Once you reach the line with "Ceas de perete german antic", transcribe it and every line after it to the end of the records, exactly, but not the pictures.

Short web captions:
----------------

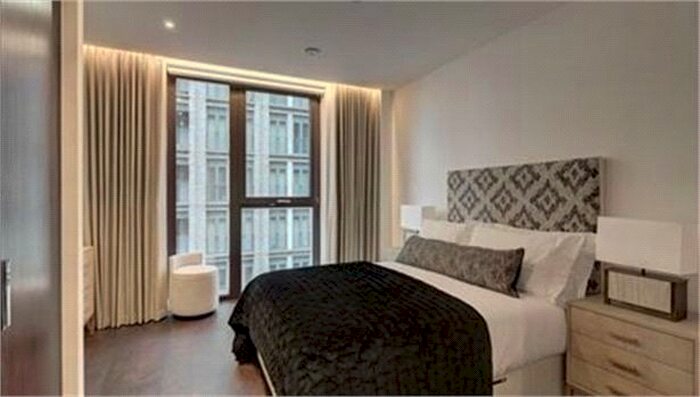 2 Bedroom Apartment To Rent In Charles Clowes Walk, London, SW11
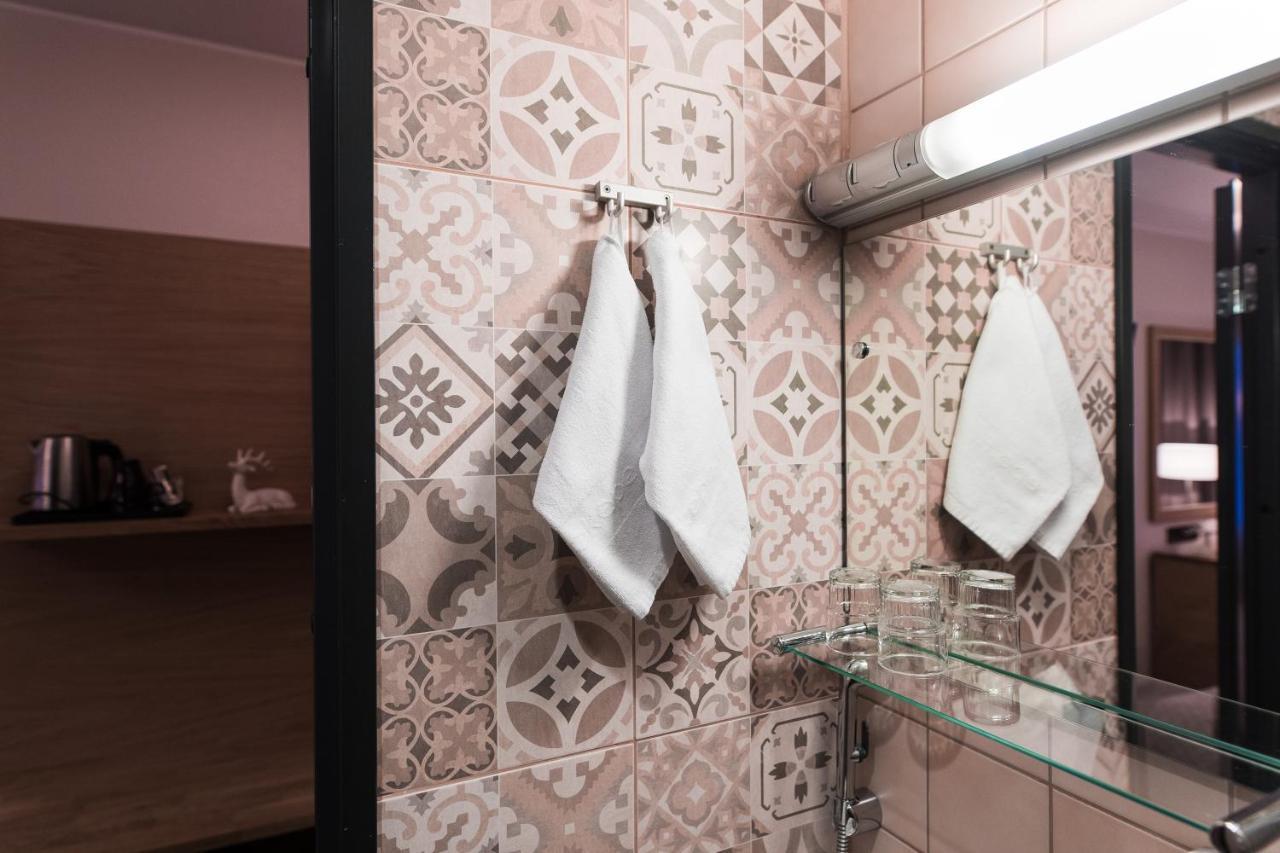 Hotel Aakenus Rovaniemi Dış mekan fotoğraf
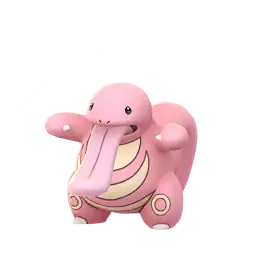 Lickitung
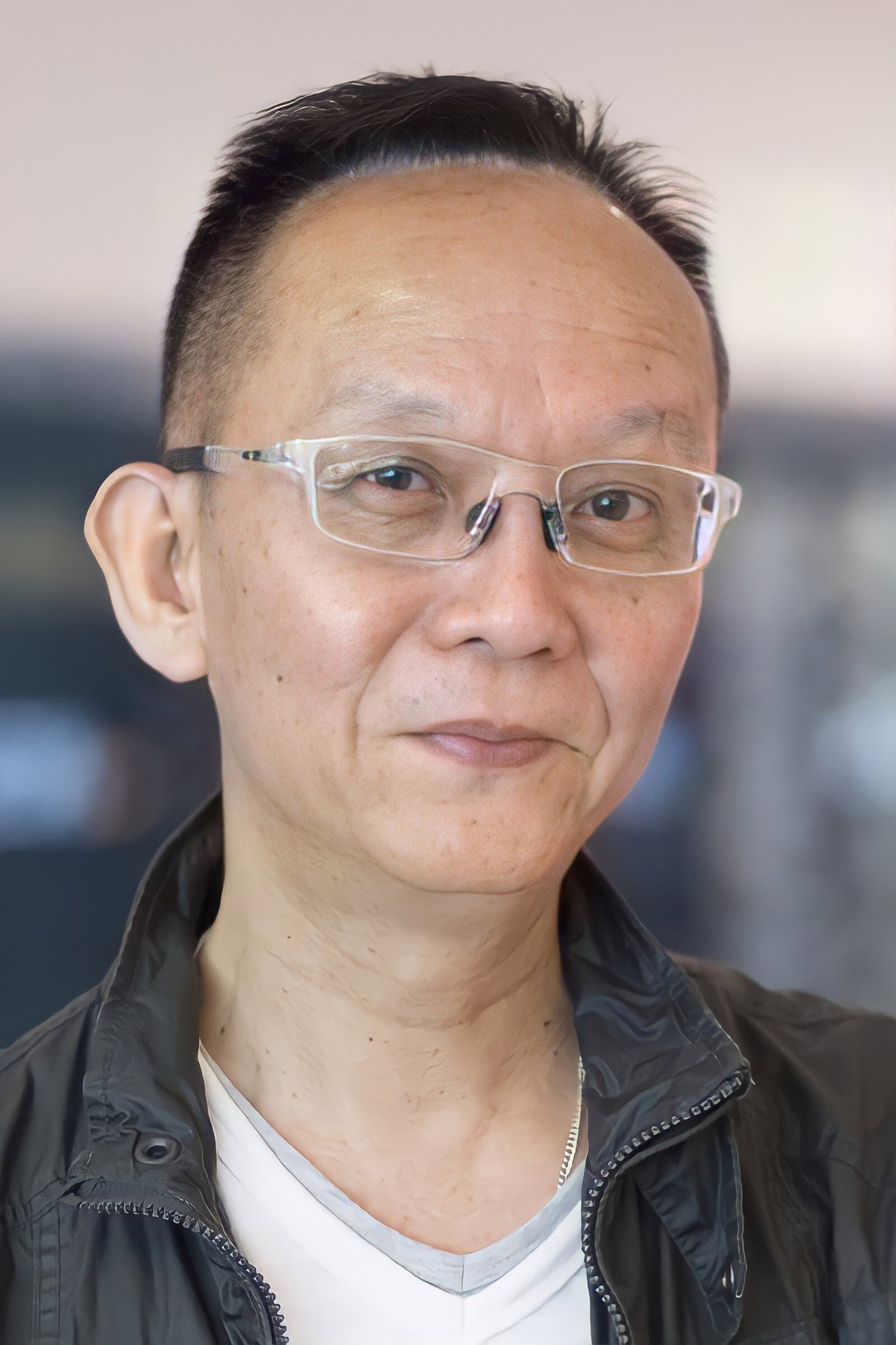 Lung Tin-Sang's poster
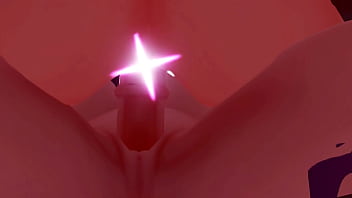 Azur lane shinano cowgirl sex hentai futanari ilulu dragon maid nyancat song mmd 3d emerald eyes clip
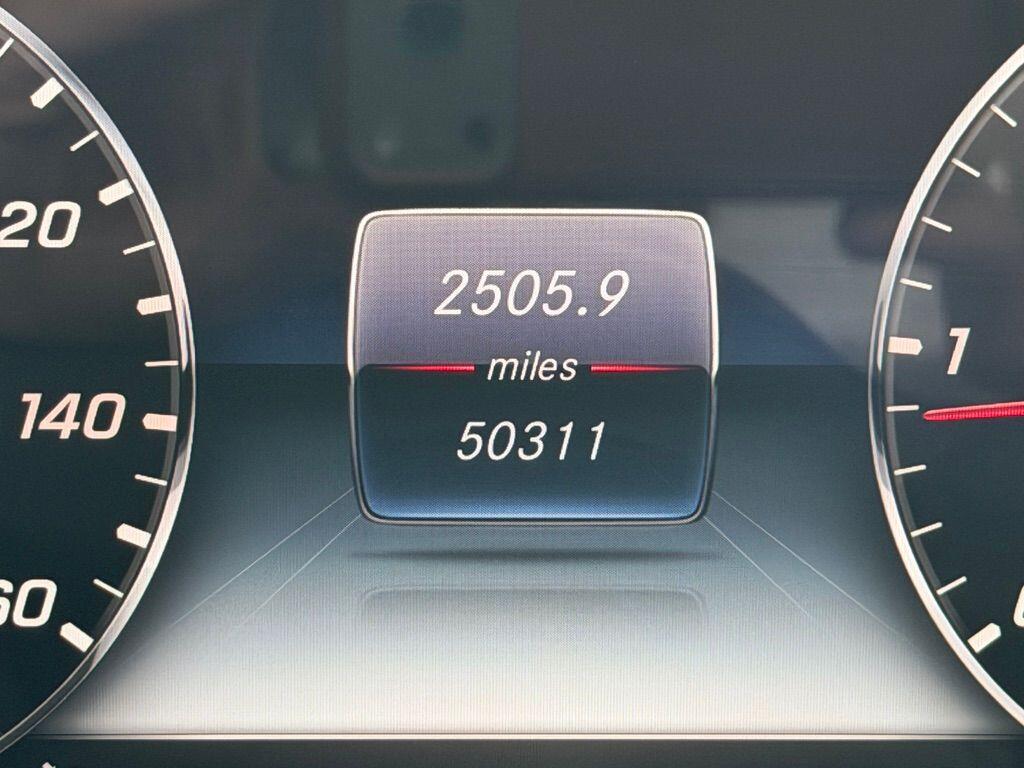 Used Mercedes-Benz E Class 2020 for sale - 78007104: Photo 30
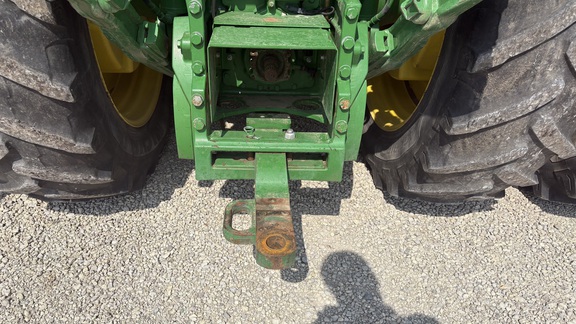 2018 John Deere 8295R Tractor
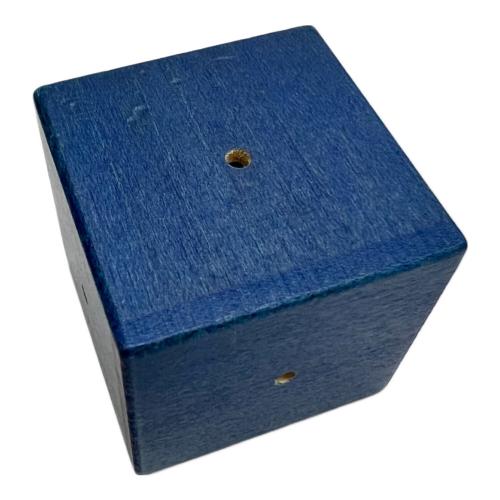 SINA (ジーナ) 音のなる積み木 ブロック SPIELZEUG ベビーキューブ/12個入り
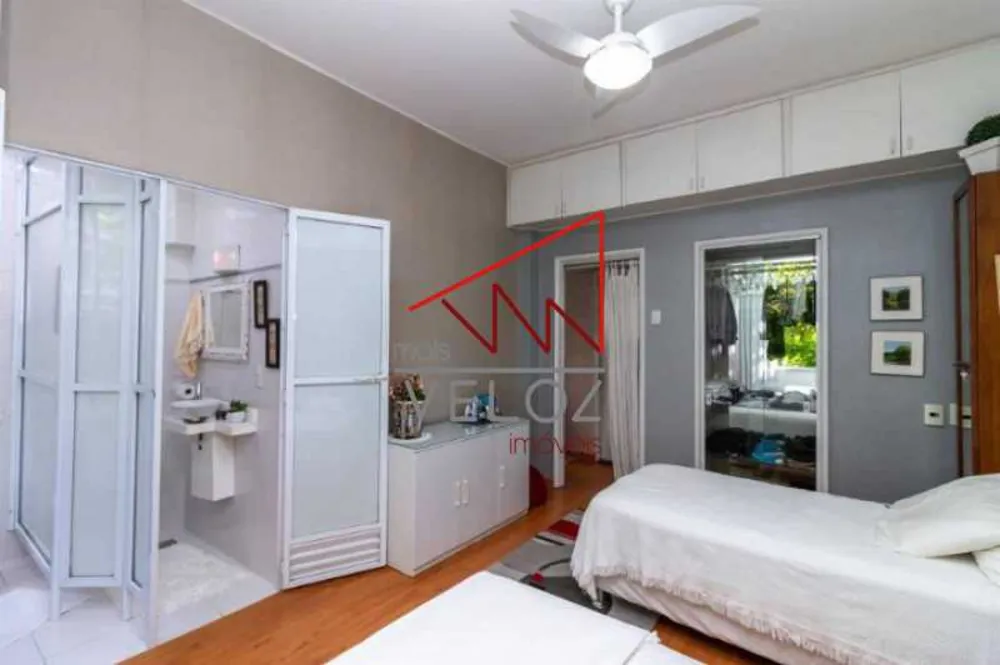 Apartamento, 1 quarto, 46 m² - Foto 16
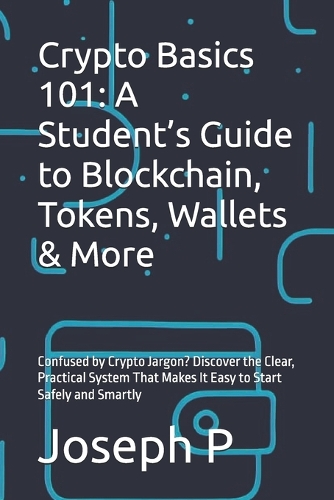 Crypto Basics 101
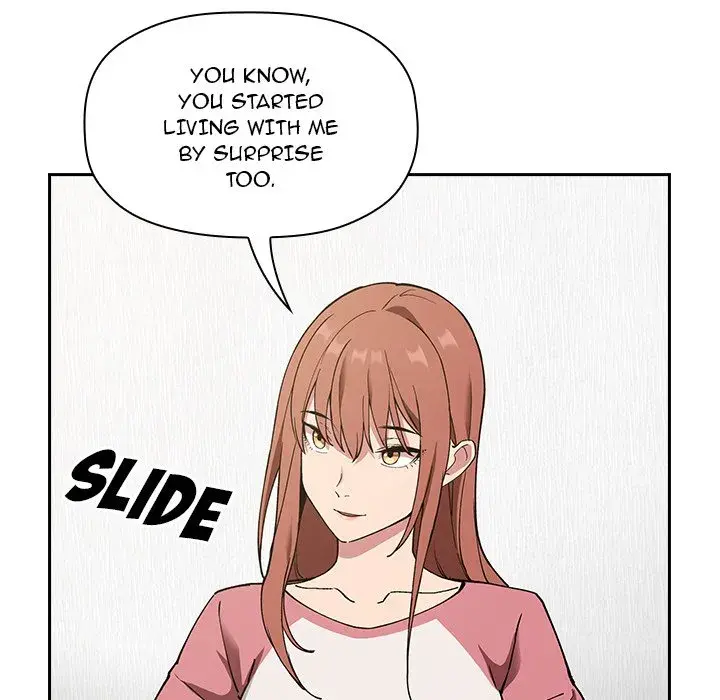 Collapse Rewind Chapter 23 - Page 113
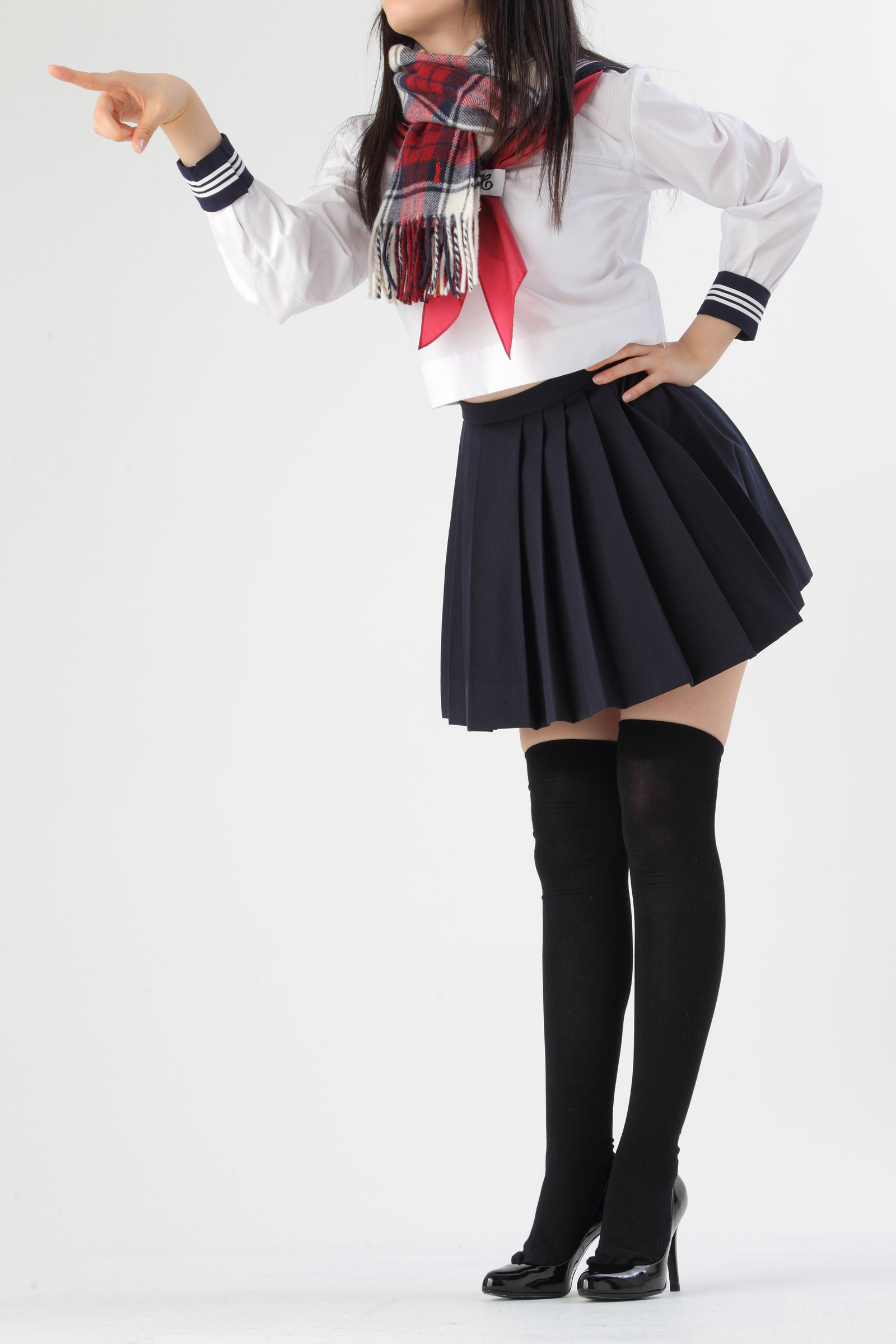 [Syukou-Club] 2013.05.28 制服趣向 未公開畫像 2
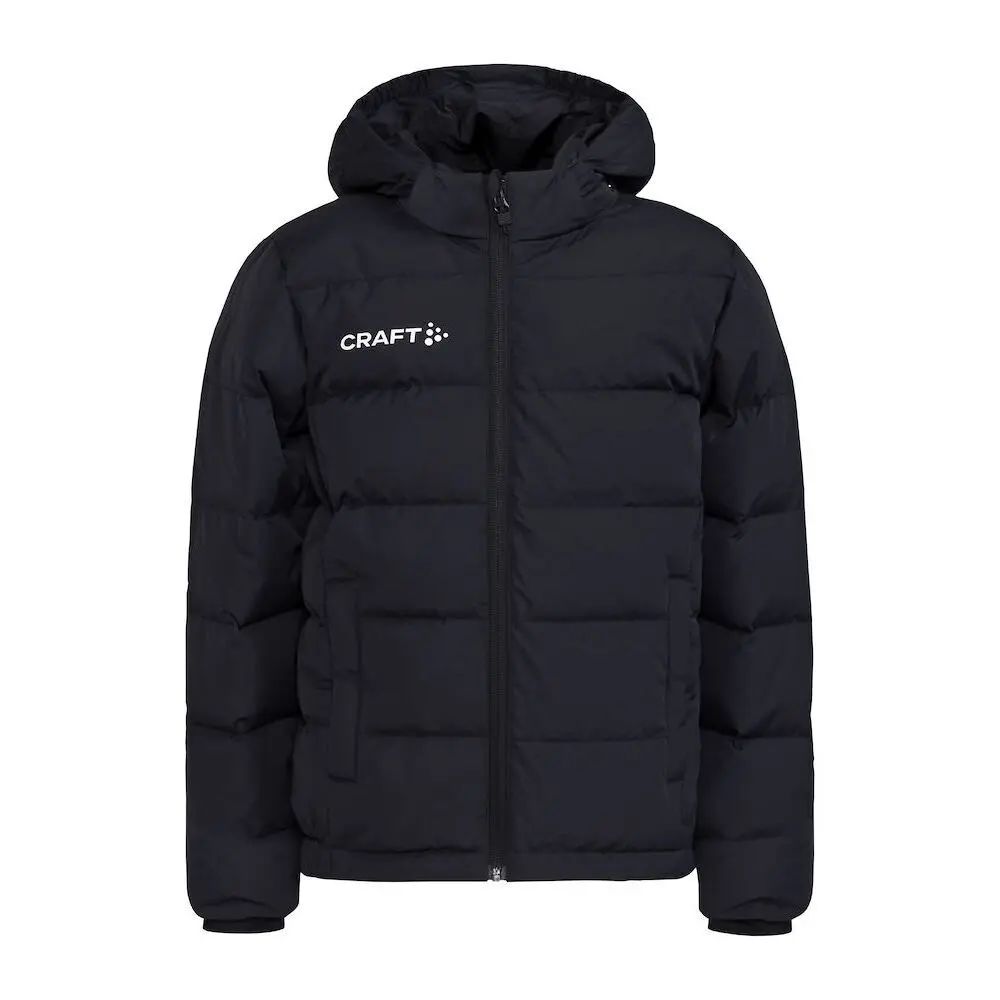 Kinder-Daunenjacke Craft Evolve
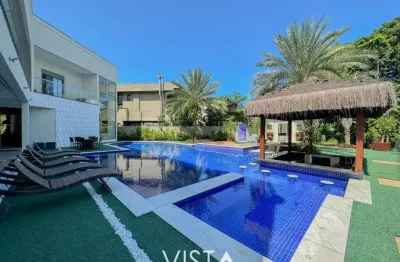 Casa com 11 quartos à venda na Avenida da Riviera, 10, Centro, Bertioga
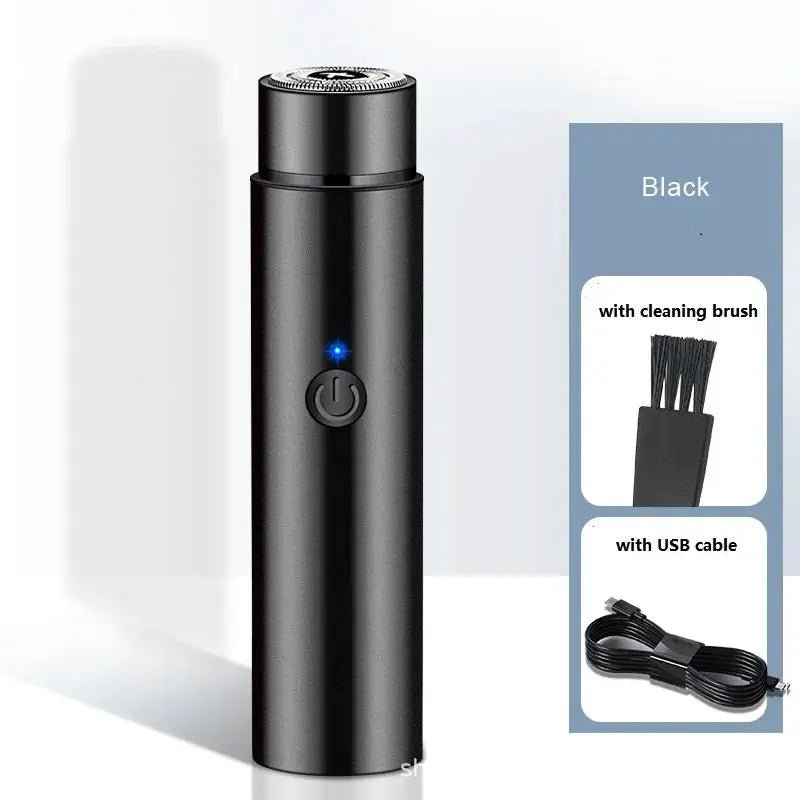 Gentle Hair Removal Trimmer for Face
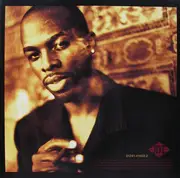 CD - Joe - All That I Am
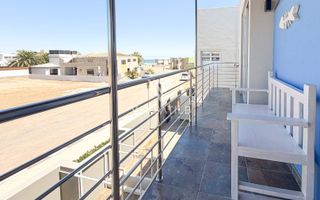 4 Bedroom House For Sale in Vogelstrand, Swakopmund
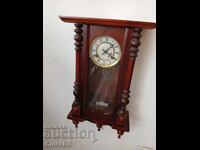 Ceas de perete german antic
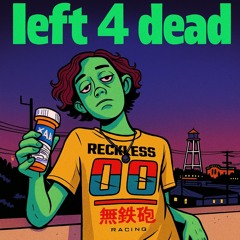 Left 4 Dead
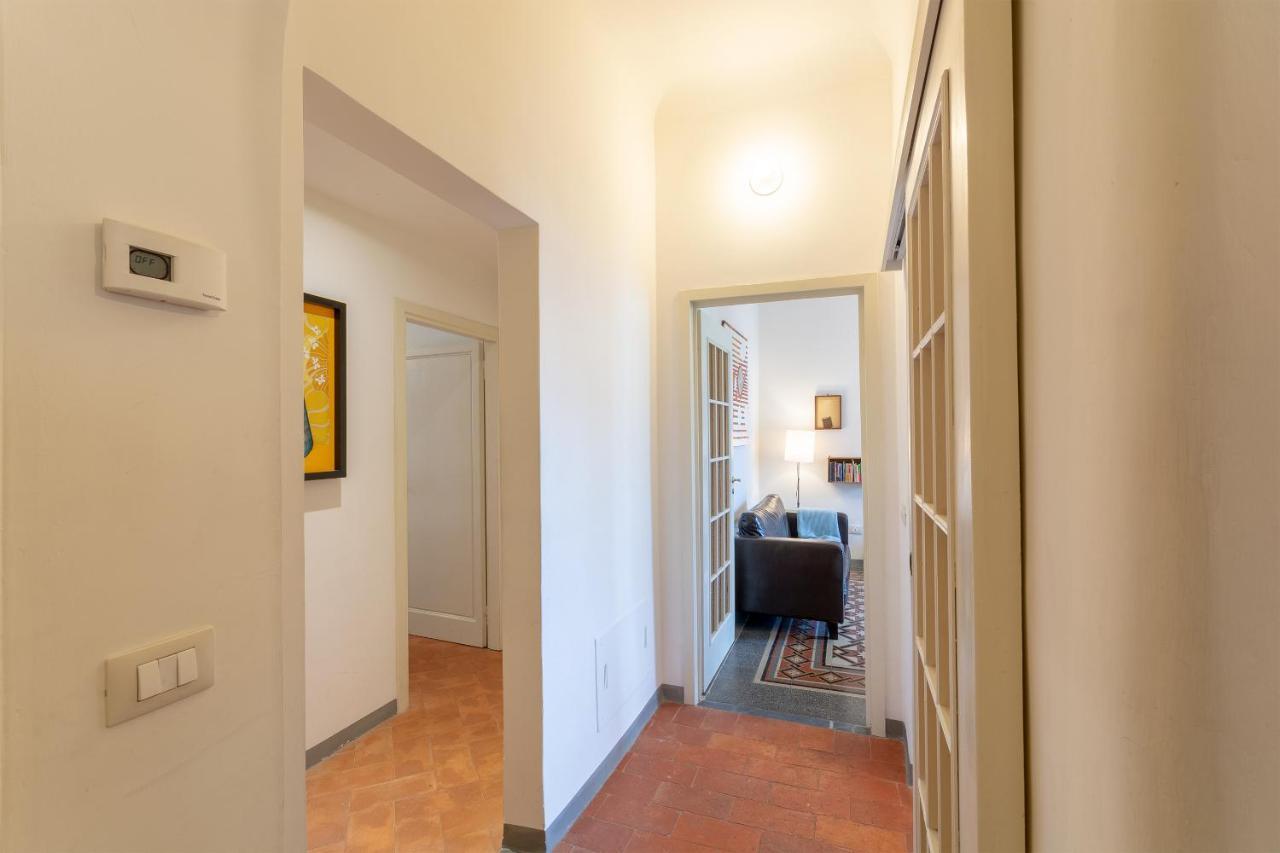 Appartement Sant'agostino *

----------------

Solution to the problem:
 Ceas de perete german antic
 Left 4 Dead
 Appartement Sant'agostino *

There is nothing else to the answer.